Quando i sicari entrarono in azione davanti all’agenzia di scommesse di via Fiorillo – ai confini tra Ercolano e Torre del Greco – Giovanni c’è. E i suoi occhi, per un istante, s’incrociano con quelli degli assassini di suo padre. “Andai davanti all’agenzia – i ricordi di Giovanni Montella – Mio padre mi disse di andare via, perché credeva che stessero arrivando i carabinieri. Non ha mai voluto che mi immischiassi con la camorra. Ma non erano i carabinieri, erano due uomini armati. Il resto della storia la conoscete già voi giornalisti. Con quel gesto inconsapevole mio padre mi ha salvato la vita”. I giorni che seguono quel terribile massacro sono una pagina nera nella vita di quel giovane uomo. Giovanni non ha la forza di vendicarsi da solo, come fanno i camorristi. Perché non è un camorrista. E così, tormentato e ossessionato dalla sete di giustizia, decide di fare quello che non aveva mai fatto nessuno nella sua famiglia: raccontare tutto alle forze dell’ordine. “Ho passato una settimana senza dormire – racconta ancora Giovanni accendendo l’ennesima sigaretta – Ho parlato con mia moglie e poi alla fine ho deciso. Sono entrato nella caserma dei carabinieri di Torre del Greco e ho raccontato tutto quello che avevo visto. Dai basisti agli assassini, passando per le immagini di mio padre a terra in una pozza di sangue. E’ stata una liberazione per me e ho avuto la fortuna di incontrare delle persone straordinarie”.

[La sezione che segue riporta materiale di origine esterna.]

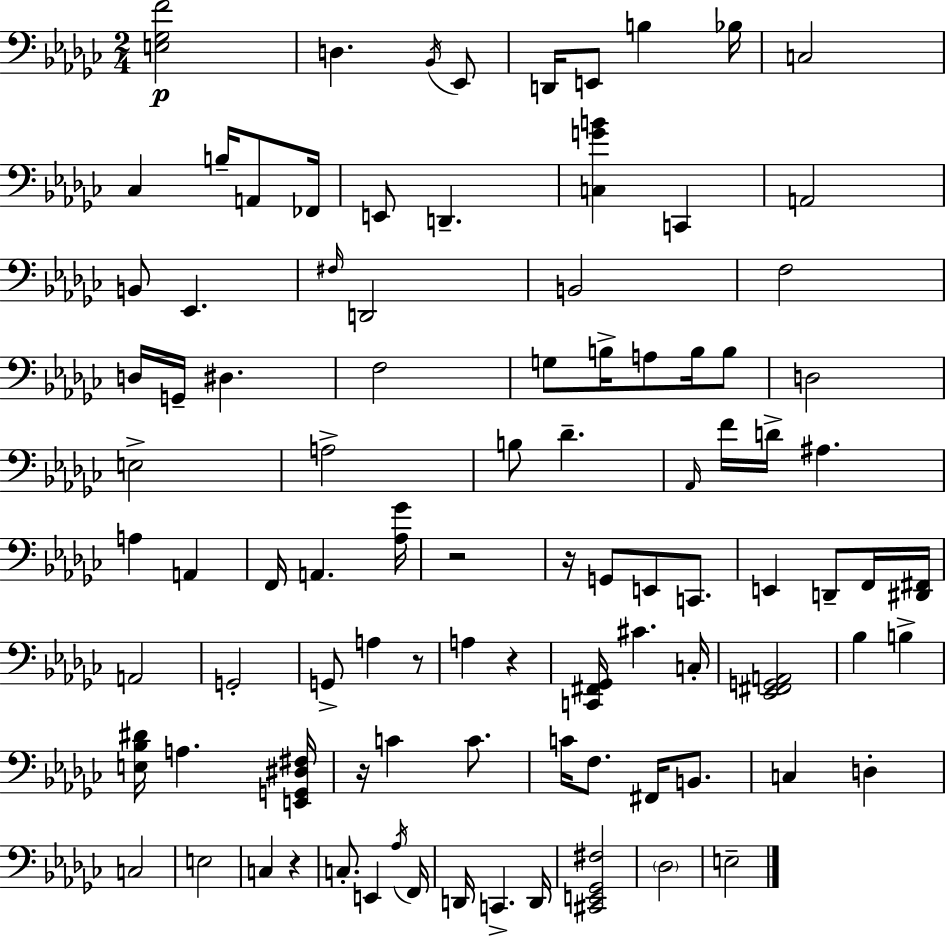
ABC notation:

X:1
T:Untitled
M:2/4
L:1/4
K:Ebm
[E,_G,F]2 D, _B,,/4 _E,,/2 D,,/4 E,,/2 B, _B,/4 C,2 _C, B,/4 A,,/2 _F,,/4 E,,/2 D,, [C,GB] C,, A,,2 B,,/2 _E,, ^F,/4 D,,2 B,,2 F,2 D,/4 G,,/4 ^D, F,2 G,/2 B,/4 A,/2 B,/4 B,/2 D,2 E,2 A,2 B,/2 _D _A,,/4 F/4 D/4 ^A, A, A,, F,,/4 A,, [_A,_G]/4 z2 z/4 G,,/2 E,,/2 C,,/2 E,, D,,/2 F,,/4 [^D,,^F,,]/4 A,,2 G,,2 G,,/2 A, z/2 A, z [C,,^F,,_G,,]/4 ^C C,/4 [_E,,^F,,G,,A,,]2 _B, B, [E,_B,^D]/4 A, [E,,G,,^D,^F,]/4 z/4 C C/2 C/4 F,/2 ^F,,/4 B,,/2 C, D, C,2 E,2 C, z C,/2 E,, _A,/4 F,,/4 D,,/4 C,, D,,/4 [^C,,E,,_G,,^F,]2 _D,2 E,2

I carabinieri aiutano Giovanni a ricordare e sulla strada di quel giovane padre spunta un altro uomo. E’Pierpaolo Filippelli, l’ex magistrato antimafia che oggi lavora come sostituto procuratore a Torre Annunziata. “Mi è bastato uno sguardo per capire che persona fosse – le parole di Montella – Un uomo eccezionale, una persona umile che mi ha aiutato a sfidare il mio passato. A lui e ai carabinieri devo la mia vita, il mio futuro. Considero Filippelli come un padre”. Nel 2016 – grazie ai racconti di Giovanni e alle parole dei pentiti – l’Antimafia arresta gli assassini di Ciro Montella. In manette finiscono i boss del clan Birra e i killer dei Lo Russo, la cosca di Miano alleata dei “resinari” nella faida di camorra. Il 17 gennaio del 2017 Giovanni entra in un’aula di tribunale e incalzato dalle domande di avvocati e pm racconta la sua storia da testimone di giustizia. E’ una scelta coraggiosa, perché Giovanni è imparentato anche con un altro Ciro Montella, il boss del clan Ascione che oggi si trova al carcere duro. Anche grazie ai racconti di Giovanni i killer incassano una serie infinita di ergastoli. “Il giorno della condanna la mia vita è cambiata – racconta il ragazzo di Torre del Greco – Ero felice perché finalmente ho avuto la giustizia che cercavo. Se oggi questa terra è libera e se esiste una speranza per i figli dei camorristi lo dobbiamo allo Stato, a chi combatte ogni giorno per liberarci da questo cancro”. Prima dei saluti Giovanni alza di nuovo gli occhi al cielo. “Avrei voluto festeggiare il mio onomastico con mio padre. Mi mancano i suoi consigli, le nostre litigate. Maldetta camorra”. Poi una stratta di mano, la corsa in auto e un’altra sigaretta. Stavolta il fumo serve a ricordare ciò nessuno potrà mai cancellare.